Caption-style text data
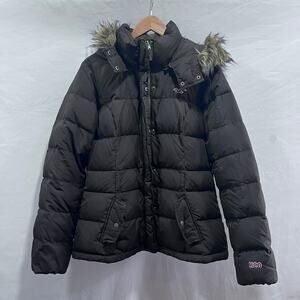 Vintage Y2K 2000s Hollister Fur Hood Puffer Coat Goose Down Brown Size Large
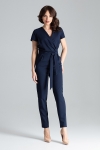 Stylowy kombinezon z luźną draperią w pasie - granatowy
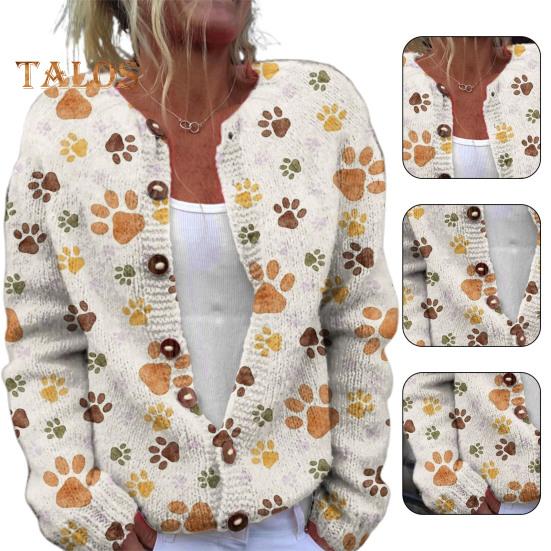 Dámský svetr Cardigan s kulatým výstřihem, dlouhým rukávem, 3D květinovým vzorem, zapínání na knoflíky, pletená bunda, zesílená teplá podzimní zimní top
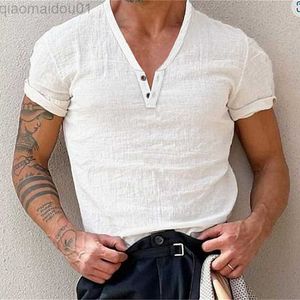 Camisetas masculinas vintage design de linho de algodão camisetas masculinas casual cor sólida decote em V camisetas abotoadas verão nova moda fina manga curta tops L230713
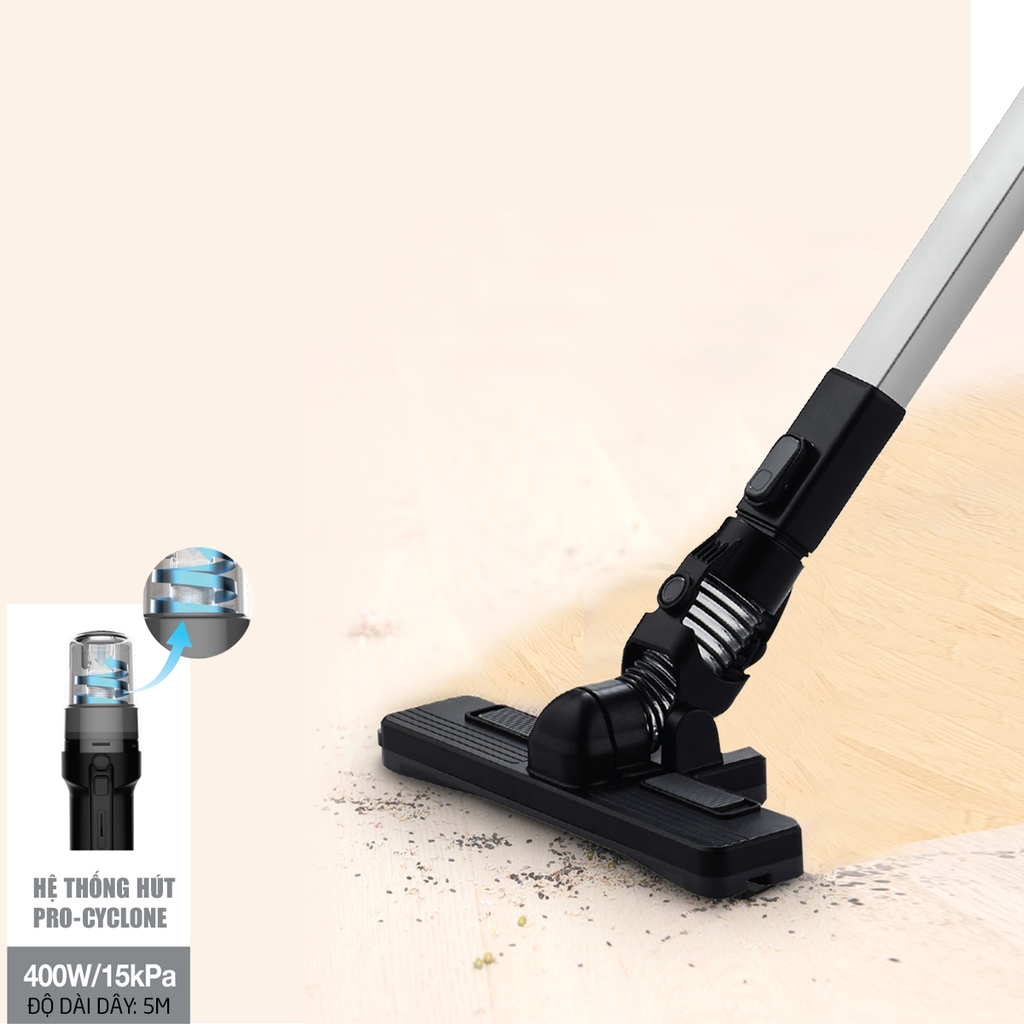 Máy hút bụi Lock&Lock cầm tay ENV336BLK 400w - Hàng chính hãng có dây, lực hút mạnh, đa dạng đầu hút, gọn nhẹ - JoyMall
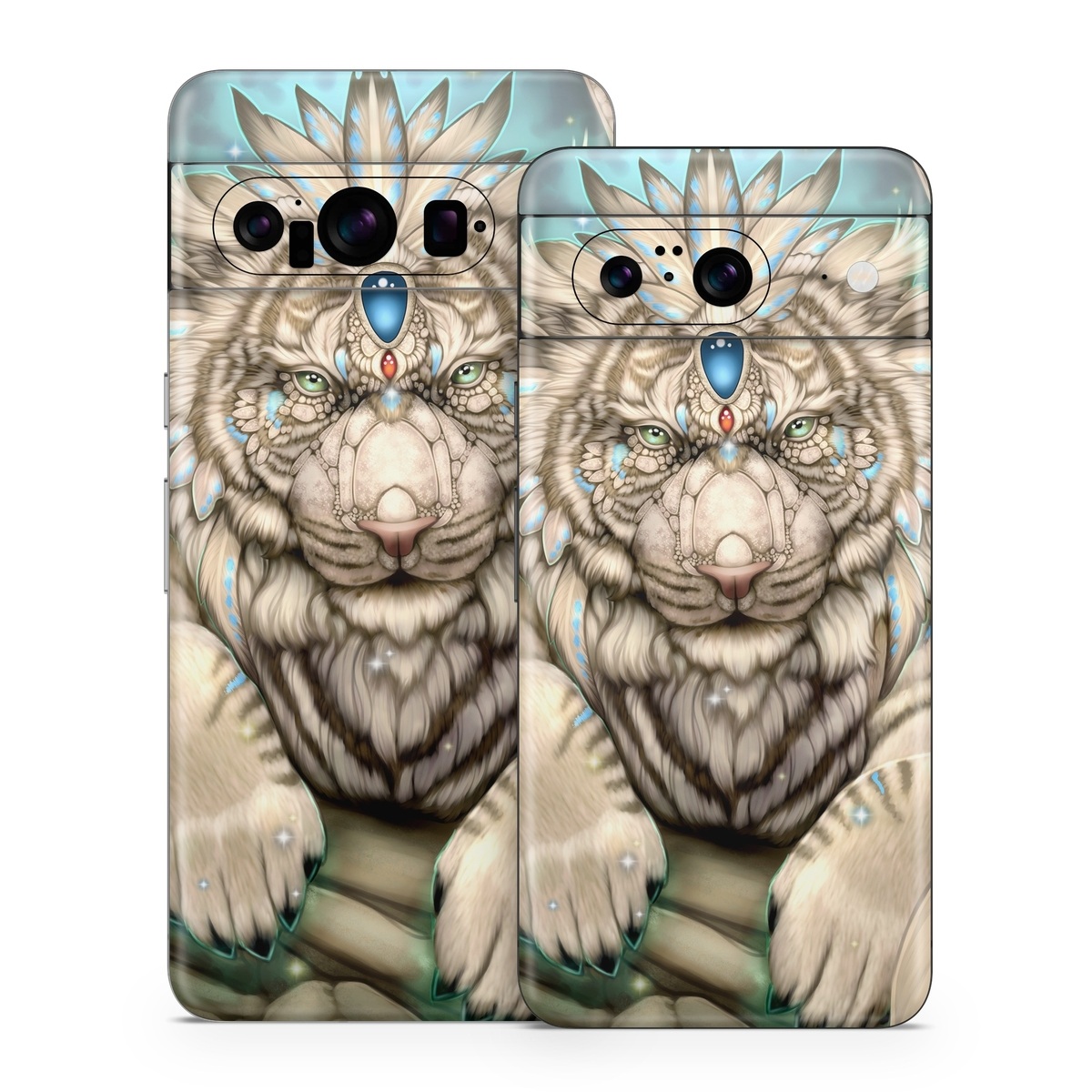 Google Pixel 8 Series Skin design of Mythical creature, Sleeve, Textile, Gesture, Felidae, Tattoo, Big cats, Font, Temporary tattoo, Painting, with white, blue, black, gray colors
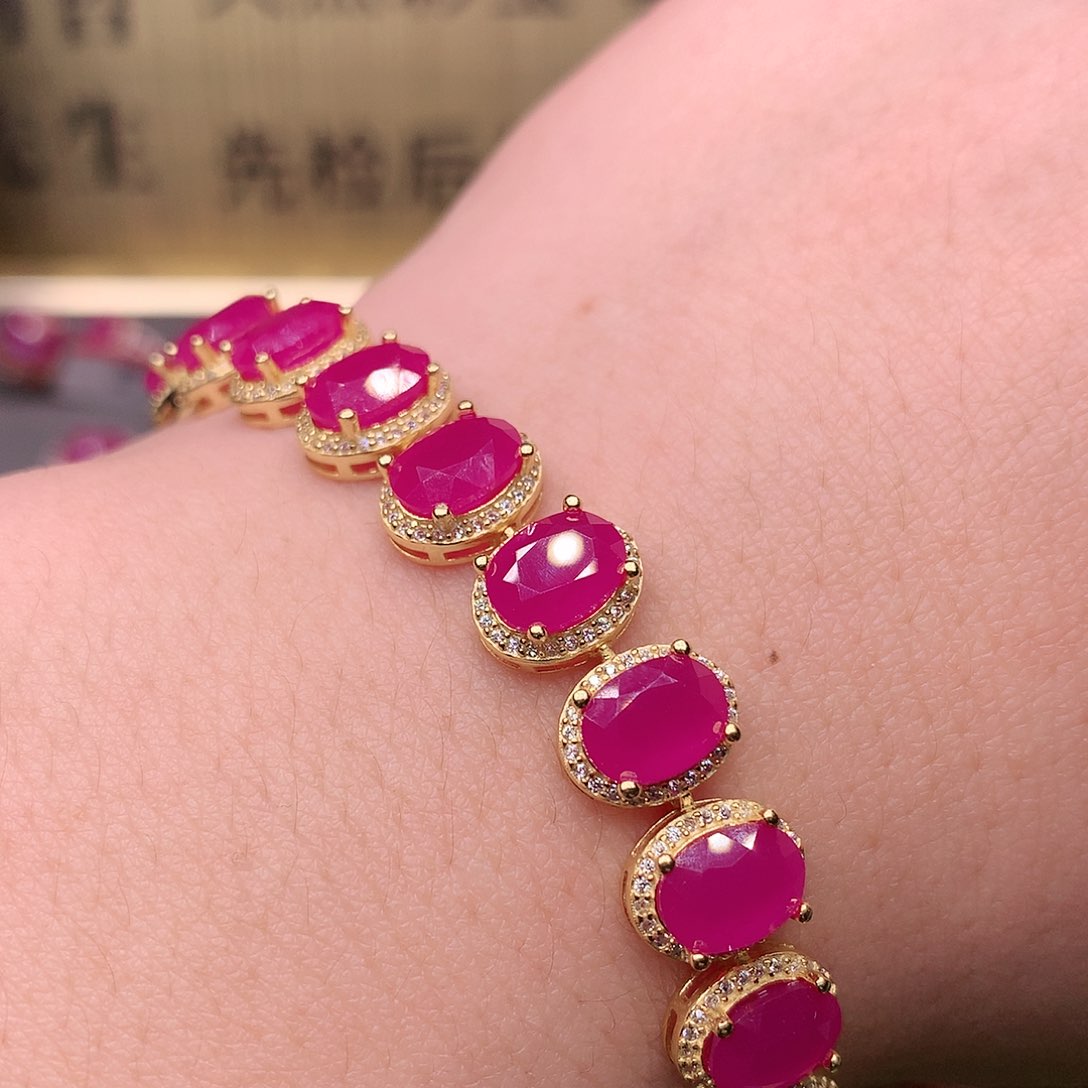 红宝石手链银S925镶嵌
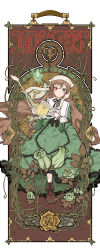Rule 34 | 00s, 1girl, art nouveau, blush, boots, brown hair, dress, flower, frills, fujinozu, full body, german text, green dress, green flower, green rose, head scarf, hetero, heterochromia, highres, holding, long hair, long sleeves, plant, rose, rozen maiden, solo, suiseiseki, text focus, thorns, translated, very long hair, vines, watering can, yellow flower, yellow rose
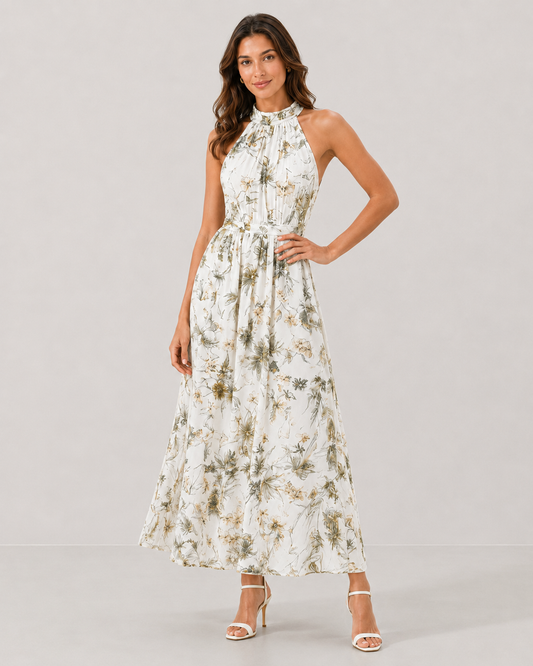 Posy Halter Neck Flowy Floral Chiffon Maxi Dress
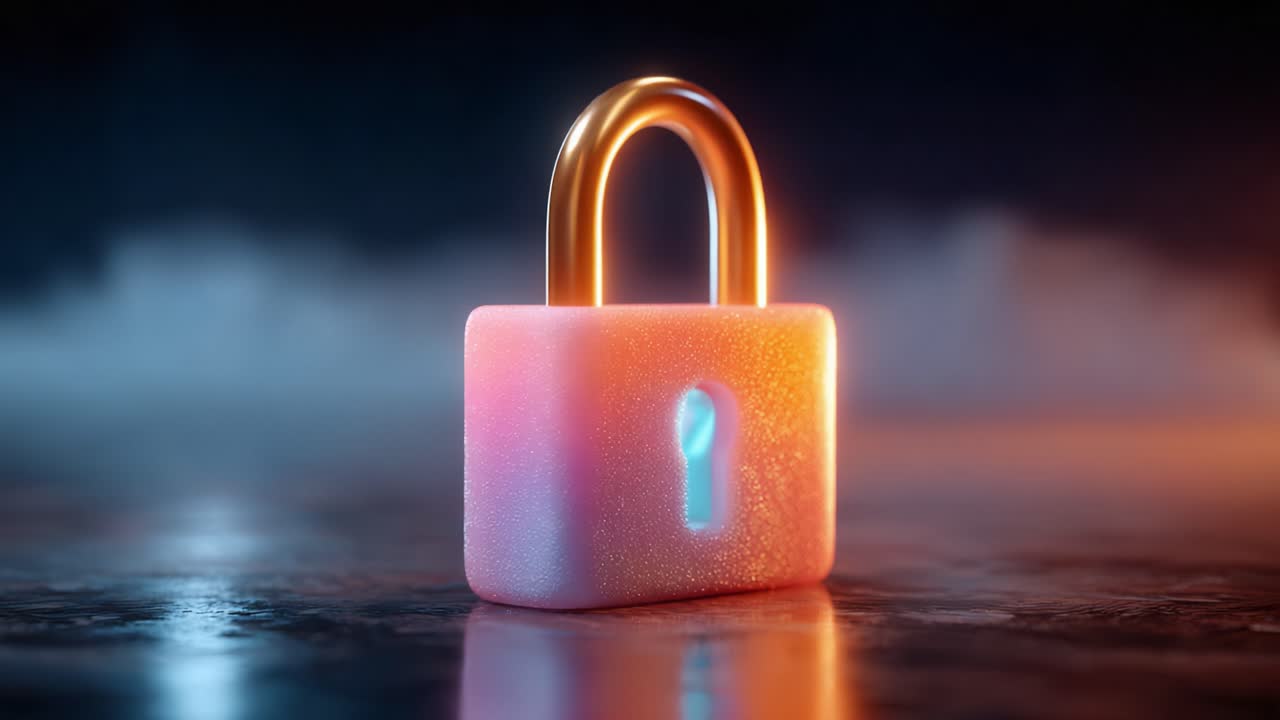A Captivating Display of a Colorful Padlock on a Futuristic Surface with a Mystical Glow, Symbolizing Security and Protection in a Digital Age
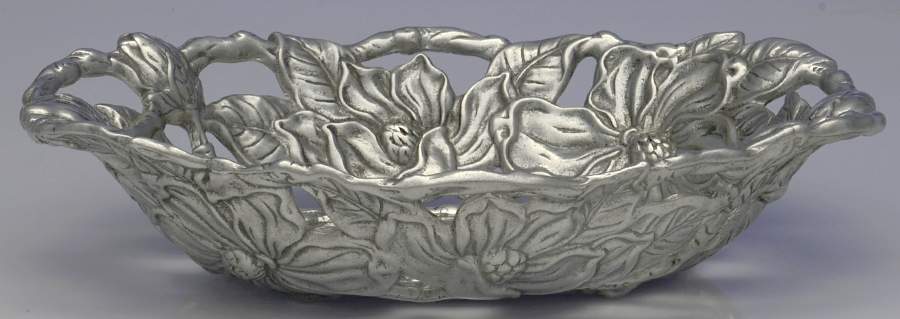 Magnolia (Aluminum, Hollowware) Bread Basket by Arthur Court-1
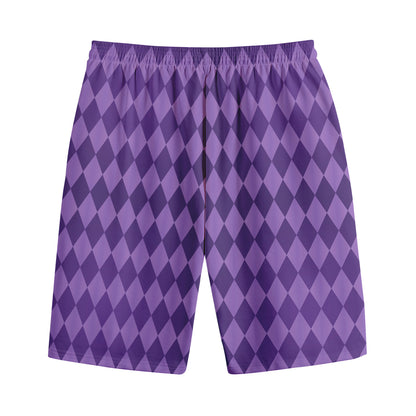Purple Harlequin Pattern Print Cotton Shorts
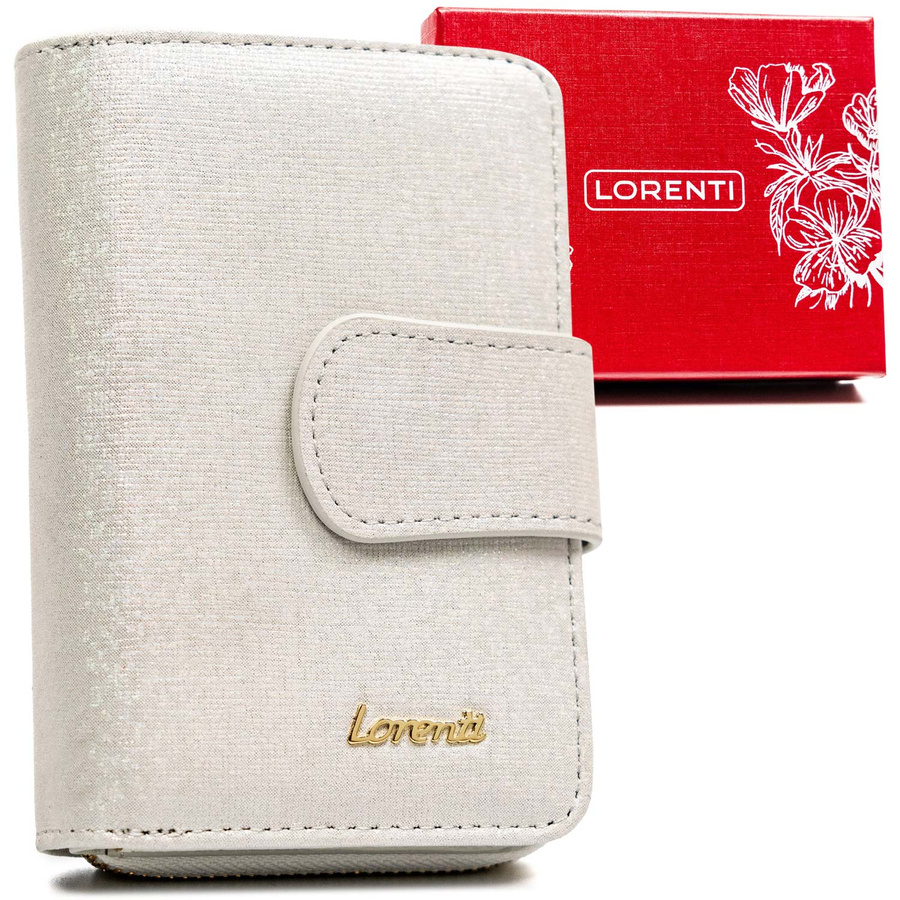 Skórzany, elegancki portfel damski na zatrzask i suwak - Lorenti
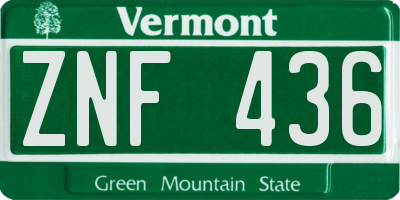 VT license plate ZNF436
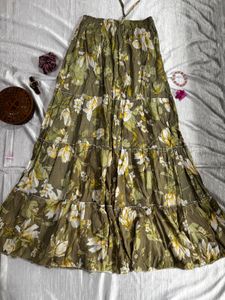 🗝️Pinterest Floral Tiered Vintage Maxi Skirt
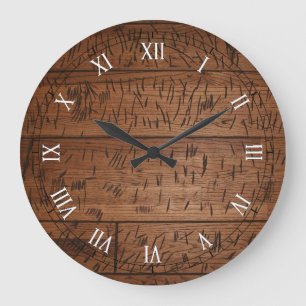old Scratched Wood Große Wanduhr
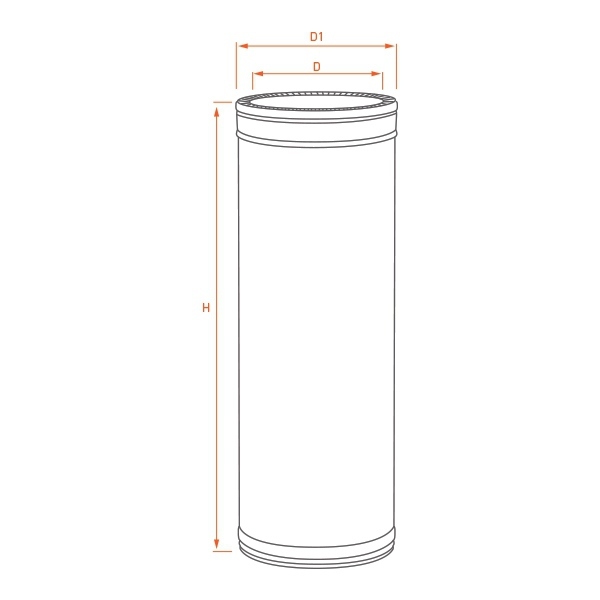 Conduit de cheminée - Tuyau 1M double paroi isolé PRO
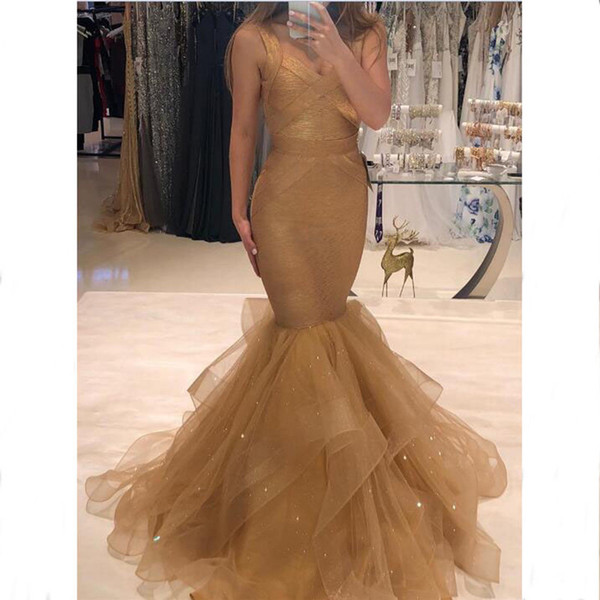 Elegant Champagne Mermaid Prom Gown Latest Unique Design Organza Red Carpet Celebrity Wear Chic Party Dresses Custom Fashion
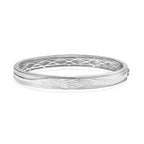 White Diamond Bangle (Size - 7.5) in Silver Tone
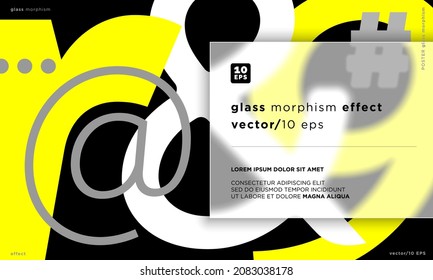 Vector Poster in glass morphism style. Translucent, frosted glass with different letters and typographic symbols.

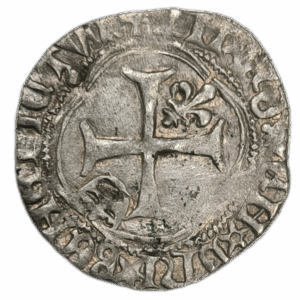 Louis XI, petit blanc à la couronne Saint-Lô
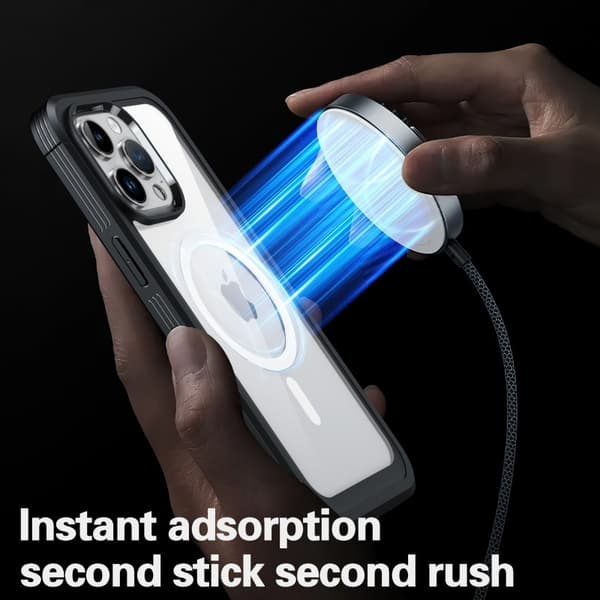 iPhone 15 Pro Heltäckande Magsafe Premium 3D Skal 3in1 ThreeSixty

> _Problem statement_:
The expected output is an exact copy of the lines from the one with "Google Pixel 8" to the final line of the entries above, pictures excepted; please include both ends.

> _Answer box_:
 Google Pixel 8 Series Skin design of Mythical creature, Sleeve, Textile, Gesture, Felidae, Tattoo, Big cats, Font, Temporary tattoo, Painting, with white, blue, black, gray colors
 红宝石手链银S925镶嵌
Rule 34 | 00s, 1girl, art nouveau, blush, boots, brown hair, dress, flower, frills, fujinozu, full body, german text, green dress, green flower, green rose, head scarf, hetero, heterochromia, highres, holding, long hair, long sleeves, plant, rose, rozen maiden, solo, suiseiseki, text focus, thorns, translated, very long hair, vines, watering can, yellow flower, yellow rose
 Posy Halter Neck Flowy Floral Chiffon Maxi Dress
A Captivating Display of a Colorful Padlock on a Futuristic Surface with a Mystical Glow, Symbolizing Security and Protection in a Digital Age
 Magnolia (Aluminum, Hollowware) Bread Basket by Arthur Court-1
Purple Harlequin Pattern Print Cotton Shorts
 Skórzany, elegancki portfel damski na zatrzask i suwak - Lorenti
 VT license plate ZNF436
 🗝️Pinterest Floral Tiered Vintage Maxi Skirt
old Scratched Wood Große Wanduhr
 Conduit de cheminée - Tuyau 1M double paroi isolé PRO
 Elegant Champagne Mermaid Prom Gown Latest Unique Design Organza Red Carpet Celebrity Wear Chic Party Dresses Custom Fashion
 White Diamond Bangle (Size - 7.5) in Silver Tone
 Vector Poster in glass morphism style. Translucent, frosted glass with different letters and typographic symbols.

 Louis XI, petit blanc à la couronne Saint-Lô
 iPhone 15 Pro Heltäckande Magsafe Premium 3D Skal 3in1 ThreeSixty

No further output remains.